I’ve shown pictures of you to my hairdresser so I can ask, “Will you make me look like that?” I’ve looked up the locations of restaurants where you’ve eaten, clubs where you’ve taken shots, so I can see the prices on the menu. I know when you have a new relationship, or have gotten a haircut, or have started a juice cleanse, and every time you recycle or delete or repost a picture, I feel smug, as though I’ve caught you in the act, as though I have you figured out.
I’ll go through phases where I check in on your once a week, or every day, or sometimes months will pass by because I’ve forgotten about you (sorry) but then I’ll remember you again and have dozens of new pictures at my perusal all at once, a rare gift. I imagine what it would be like to see you walking down the sidewalk or from across a bar, but perhaps I wouldn’t even recognize you without a carefully selected filter and a FaceTuned mask, without your being able to control the contrast and saturation and color of your surroundings.
You’re a member of an NBA dance team. You teach SoulCycle. You’re a sophomore at the college I graduated from three years ago who appears to be on an eternal Spring Break. You create smoothie recipes, or you’re a reigning beauty queen, or you have abdominal muscles that make me pinch my own soft belly with almost vindictive envy. I watch you do aerial yoga and keg stands and fouetté turns and kissy faces. Maybe you’re not beautiful, at least in the conventional sense (not that I could say what conventional beauty is anymore). But I can’t stop looking at you. Wide-hipped or narrow, muscular or delicate, exhibitionist or demure or twee or drunk, all of you share one thing: you’re unapologetic. You know that I’m looking at you, and you like it.

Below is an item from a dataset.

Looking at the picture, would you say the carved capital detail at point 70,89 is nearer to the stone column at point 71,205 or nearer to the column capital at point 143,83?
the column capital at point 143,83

That’s not to say you’re self-absorbed, but undoubtedly some of you are. It’s an art, maintaining your presence. You know I am watching, and so you feel the compulsion to perform. But who took that picture of you from behind, kneeling in the sand, the twin peaks of your ass perched on your bare feet? Who had the patience to film you clinking glasses with your (equally beautiful) friend over and over for last night’s Boomerang? Who were you able to commandeer into capturing your sultry grin as you slid a piece of sushi into your mouth? I have fantasies of my own perfect photos, of the images I desire to capture of myself and share with the digital world, but giving voice to those desires feels like the confession of a lurid sex act. You’re not afraid to ask for what you want, and humility is an inevitable sacrifice.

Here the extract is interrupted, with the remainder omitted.